● Entries provided
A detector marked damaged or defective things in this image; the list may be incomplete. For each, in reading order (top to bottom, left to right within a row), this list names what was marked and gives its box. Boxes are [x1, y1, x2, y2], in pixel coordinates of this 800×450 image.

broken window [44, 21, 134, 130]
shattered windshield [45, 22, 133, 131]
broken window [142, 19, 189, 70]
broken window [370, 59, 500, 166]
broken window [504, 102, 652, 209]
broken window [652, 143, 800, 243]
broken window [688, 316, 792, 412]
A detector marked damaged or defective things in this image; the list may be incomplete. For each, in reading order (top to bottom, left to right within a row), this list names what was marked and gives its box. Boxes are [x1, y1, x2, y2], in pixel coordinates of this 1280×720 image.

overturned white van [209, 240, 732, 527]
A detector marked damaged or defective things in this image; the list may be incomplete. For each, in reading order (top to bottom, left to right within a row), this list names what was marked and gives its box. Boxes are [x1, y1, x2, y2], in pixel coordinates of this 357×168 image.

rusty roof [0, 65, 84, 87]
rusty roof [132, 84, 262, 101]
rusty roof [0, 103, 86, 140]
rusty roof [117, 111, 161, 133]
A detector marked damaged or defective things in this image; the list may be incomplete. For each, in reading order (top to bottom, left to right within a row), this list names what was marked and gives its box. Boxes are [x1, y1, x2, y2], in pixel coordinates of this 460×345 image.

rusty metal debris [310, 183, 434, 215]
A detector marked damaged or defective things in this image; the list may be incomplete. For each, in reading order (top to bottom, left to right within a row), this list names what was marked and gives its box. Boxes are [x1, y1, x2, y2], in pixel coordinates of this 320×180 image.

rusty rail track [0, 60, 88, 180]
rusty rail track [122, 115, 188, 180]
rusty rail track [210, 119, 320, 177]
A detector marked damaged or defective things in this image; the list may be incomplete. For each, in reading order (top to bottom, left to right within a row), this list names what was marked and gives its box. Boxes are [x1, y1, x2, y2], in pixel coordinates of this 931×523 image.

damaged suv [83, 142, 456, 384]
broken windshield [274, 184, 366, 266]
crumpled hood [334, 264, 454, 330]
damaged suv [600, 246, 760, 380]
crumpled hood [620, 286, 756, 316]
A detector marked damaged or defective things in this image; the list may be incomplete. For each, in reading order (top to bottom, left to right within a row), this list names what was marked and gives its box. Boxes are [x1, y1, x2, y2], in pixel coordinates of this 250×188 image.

● Problem to work on
Full repetition needed. Write out every entry above exactly as given.

● Response area
A detector marked damaged or defective things in this image; the list may be incomplete. For each, in reading order (top to bottom, left to right within a row), this list names what was marked and gives its box. Boxes are [x1, y1, x2, y2], in pixel coordinates of this 800×450 image.

broken window [44, 21, 134, 130]
shattered windshield [45, 22, 133, 131]
broken window [142, 19, 189, 70]
broken window [370, 59, 500, 166]
broken window [504, 102, 652, 209]
broken window [652, 143, 800, 243]
broken window [688, 316, 792, 412]
A detector marked damaged or defective things in this image; the list may be incomplete. For each, in reading order (top to bottom, left to right within a row), this list names what was marked and gives its box. Boxes are [x1, y1, x2, y2], in pixel coordinates of this 1280×720 image.

overturned white van [209, 240, 732, 527]
A detector marked damaged or defective things in this image; the list may be incomplete. For each, in reading order (top to bottom, left to right within a row), this list names what was marked and gives its box. Boxes are [x1, y1, x2, y2], in pixel coordinates of this 357×168 image.

rusty roof [0, 65, 84, 87]
rusty roof [132, 84, 262, 101]
rusty roof [0, 103, 86, 140]
rusty roof [117, 111, 161, 133]
A detector marked damaged or defective things in this image; the list may be incomplete. For each, in reading order (top to bottom, left to right within a row), this list names what was marked and gives its box. Boxes are [x1, y1, x2, y2], in pixel coordinates of this 460×345 image.

rusty metal debris [310, 183, 434, 215]
A detector marked damaged or defective things in this image; the list may be incomplete. For each, in reading order (top to bottom, left to right within a row), this list names what was marked and gives its box. Boxes are [x1, y1, x2, y2], in pixel coordinates of this 320×180 image.

rusty rail track [0, 60, 88, 180]
rusty rail track [122, 115, 188, 180]
rusty rail track [210, 119, 320, 177]
A detector marked damaged or defective things in this image; the list may be incomplete. For each, in reading order (top to bottom, left to right within a row), this list names what was marked and gives its box. Boxes are [x1, y1, x2, y2], in pixel coordinates of this 931×523 image.

damaged suv [83, 142, 456, 384]
broken windshield [274, 184, 366, 266]
crumpled hood [334, 264, 454, 330]
damaged suv [600, 246, 760, 380]
crumpled hood [620, 286, 756, 316]
A detector marked damaged or defective things in this image; the list may be incomplete. For each, in reading order (top to bottom, left to right within a row), this list names what was marked and gives its box. Boxes are [x1, y1, x2, y2], in pixel coordinates of this 250×188 image.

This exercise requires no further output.